* **Prompt**: Find the line that holds "Barracão / Galpão" in the material below. Output that line and each one after it exactly, but not the pictures.

* **The data**:
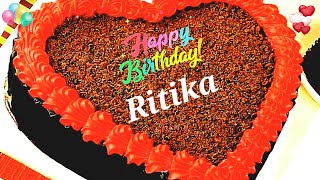 Ritika Birthday Song - Happy Birthday Ritika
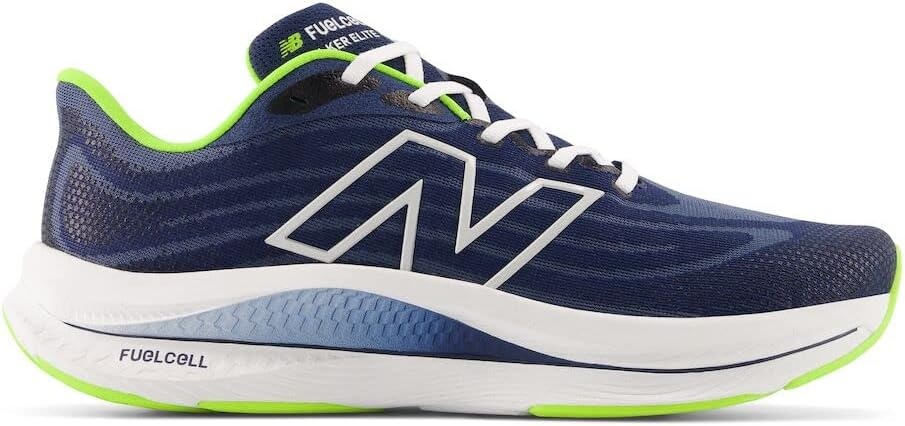 image:imageNew Balance Mens FuelCell Walker Elite V1Nb NavyThirty WattWhite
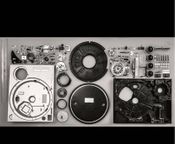 Reparacion platos technics - Imagen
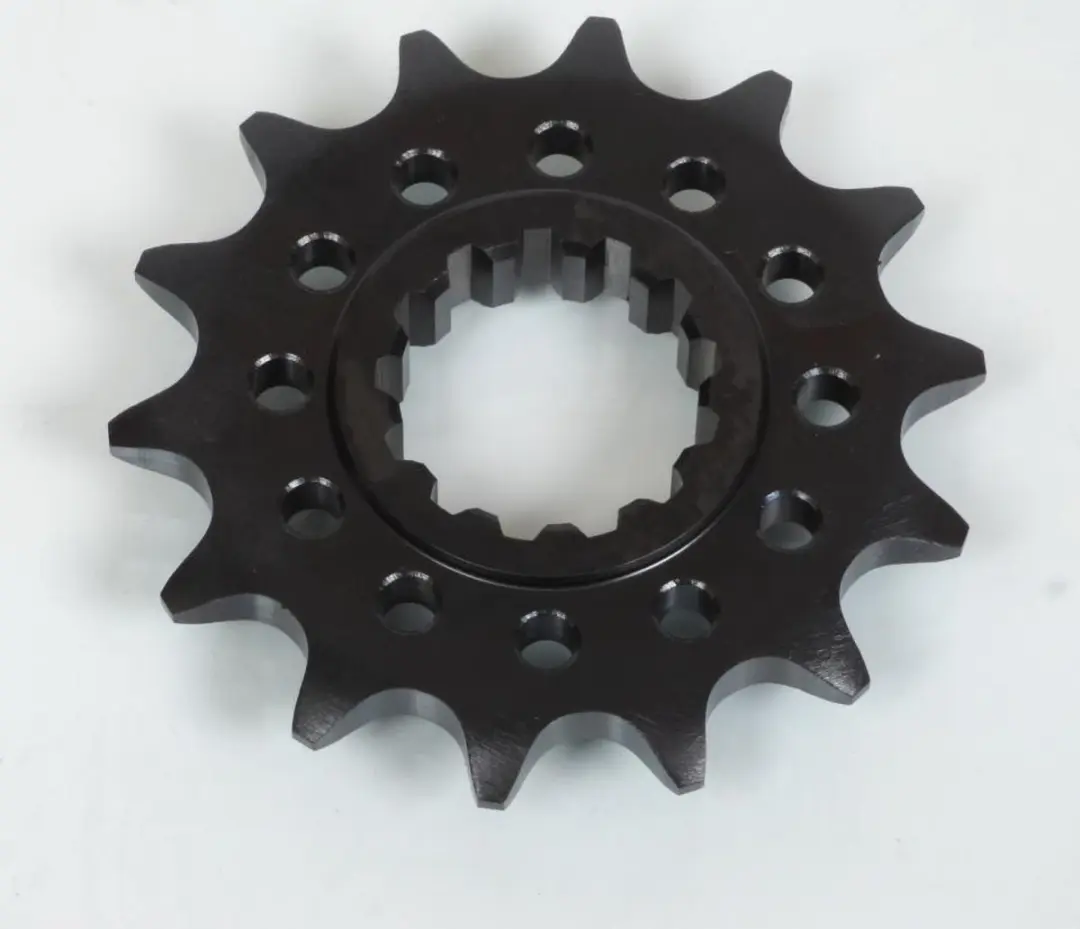 Pignon de sortie de boite Sunstar pour Moto Yamaha 1000 FZ1 Fazer 2006 à 2012 1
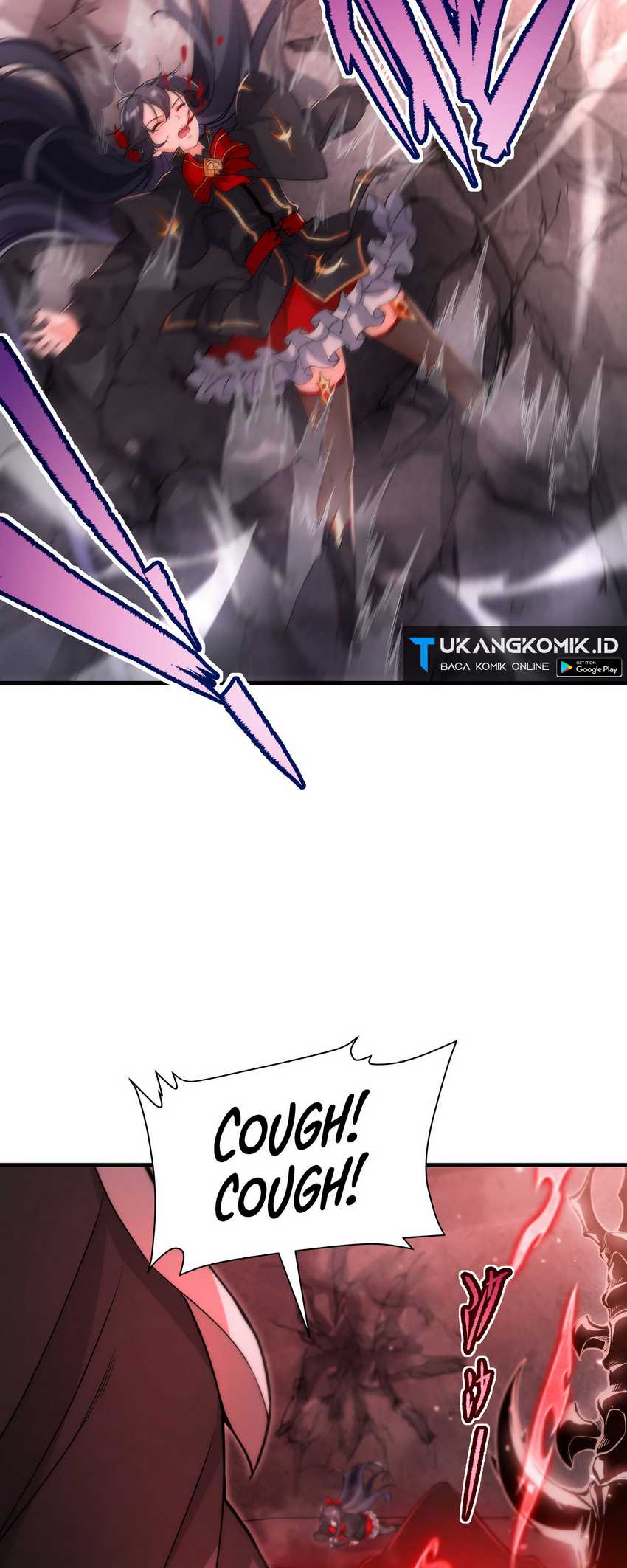 Despite Coming From the Abyss, I Will Save Humanity Chapter 48 Gambar 11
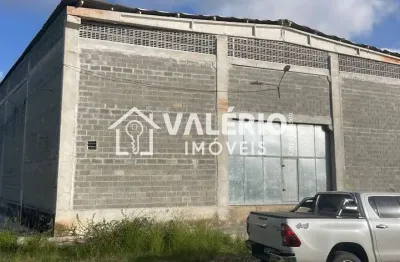 Barracão / Galpão / Depósito para alugar na Via Coletora Um, s/n, Jaguaribe, Paulista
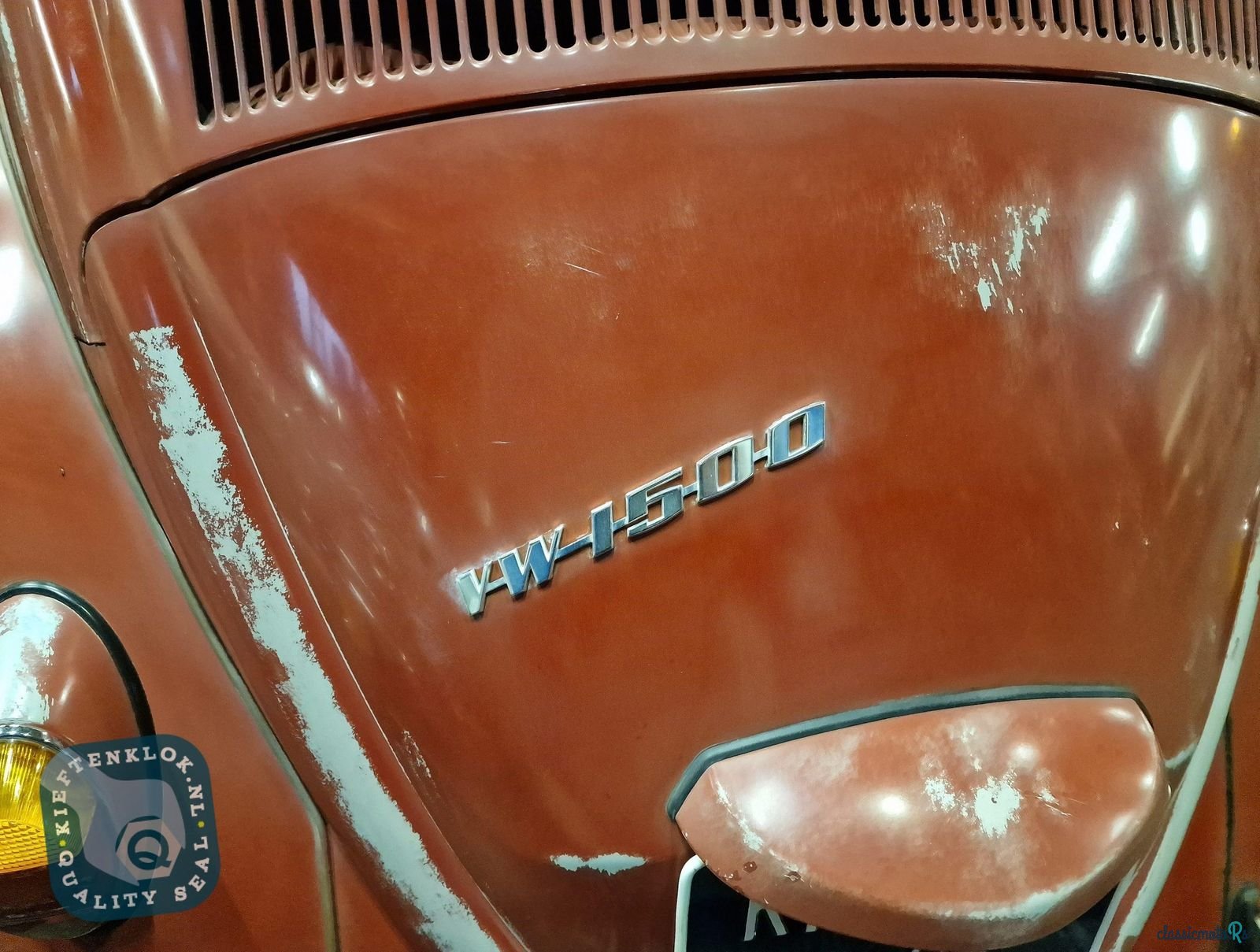 1966' Volkswagen Beetle photo #6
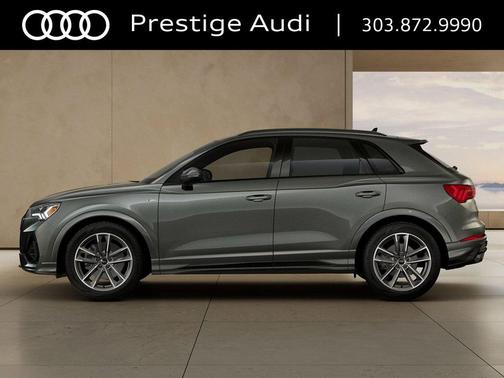 2025 Audi Q3 Premium 45 TFSI S line quattro Tiptronic
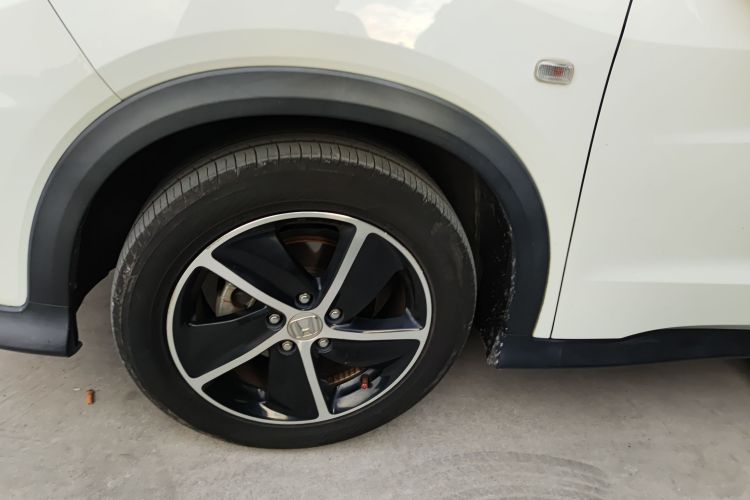 Honda VEZEL 2021 car image #4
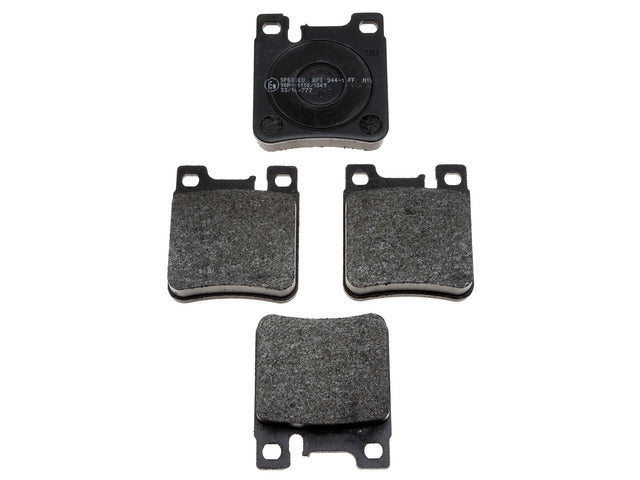 Disc Brake Pad Raybestos Brakes SP603EU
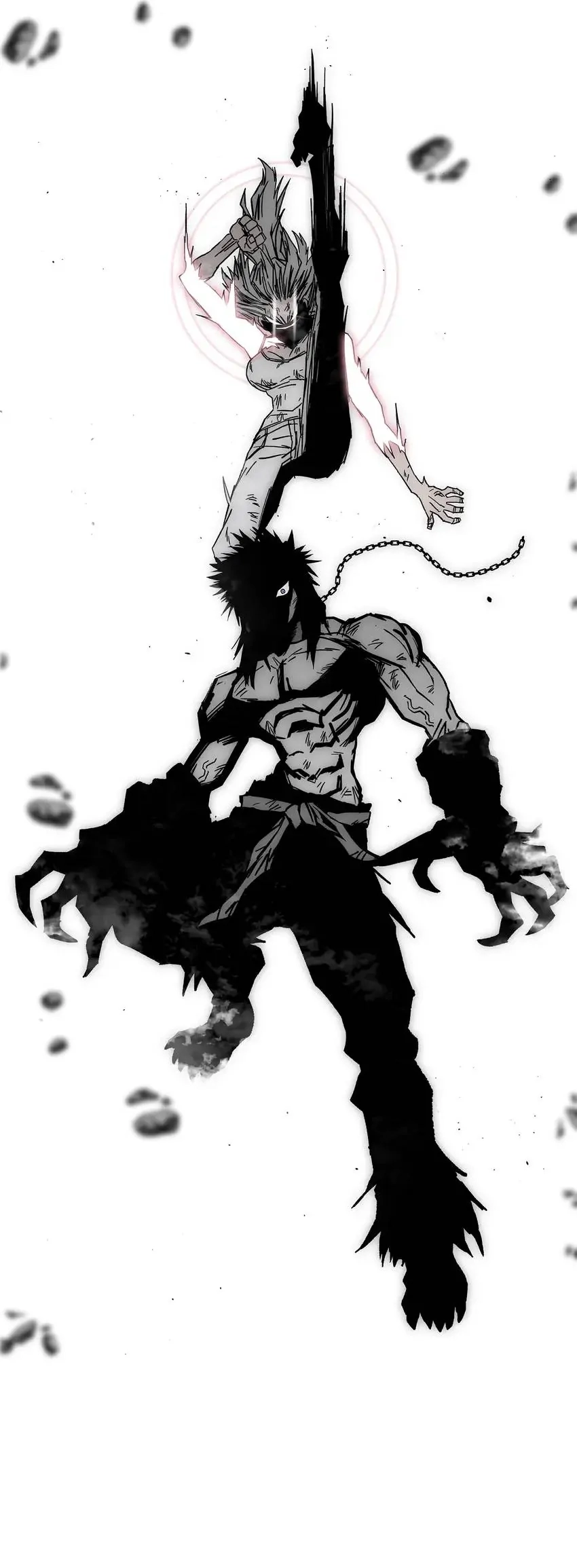 Evil Hunter Chapter 70 page 24 -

* **Written response**:
 Barracão / Galpão / Depósito para alugar na Via Coletora Um, s/n, Jaguaribe, Paulista
 1966' Volkswagen Beetle photo #6
 2025 Audi Q3 Premium 45 TFSI S line quattro Tiptronic
 Honda VEZEL 2021 car image #4
 Disc Brake Pad Raybestos Brakes SP603EU
 Evil Hunter Chapter 70 page 24 -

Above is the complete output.